Transcribe, word for word and without additions, each line below from the one containing "Fournisseur chinois de" through the one containing "Photo 2 of Sale", both ends included.

▶ **THE RECORDS**:
Content starts

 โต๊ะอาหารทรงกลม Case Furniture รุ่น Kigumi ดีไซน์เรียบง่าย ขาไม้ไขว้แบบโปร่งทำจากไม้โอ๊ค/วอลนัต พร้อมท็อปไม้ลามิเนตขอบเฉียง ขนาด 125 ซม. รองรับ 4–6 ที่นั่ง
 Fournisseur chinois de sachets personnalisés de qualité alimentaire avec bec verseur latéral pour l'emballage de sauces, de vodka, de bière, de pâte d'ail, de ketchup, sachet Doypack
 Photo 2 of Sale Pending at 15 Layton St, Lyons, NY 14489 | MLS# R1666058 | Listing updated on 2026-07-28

Content ends
Content starts

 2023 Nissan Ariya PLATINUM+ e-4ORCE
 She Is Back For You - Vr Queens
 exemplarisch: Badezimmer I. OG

Content ends

▶ **RESPONSE TO THIS TASK**:
 Fournisseur chinois de sachets personnalisés de qualité alimentaire avec bec verseur latéral pour l'emballage de sauces, de vodka, de bière, de pâte d'ail, de ketchup, sachet Doypack
 Photo 2 of Sale Pending at 15 Layton St, Lyons, NY 14489 | MLS# R1666058 | Listing updated on 2026-07-28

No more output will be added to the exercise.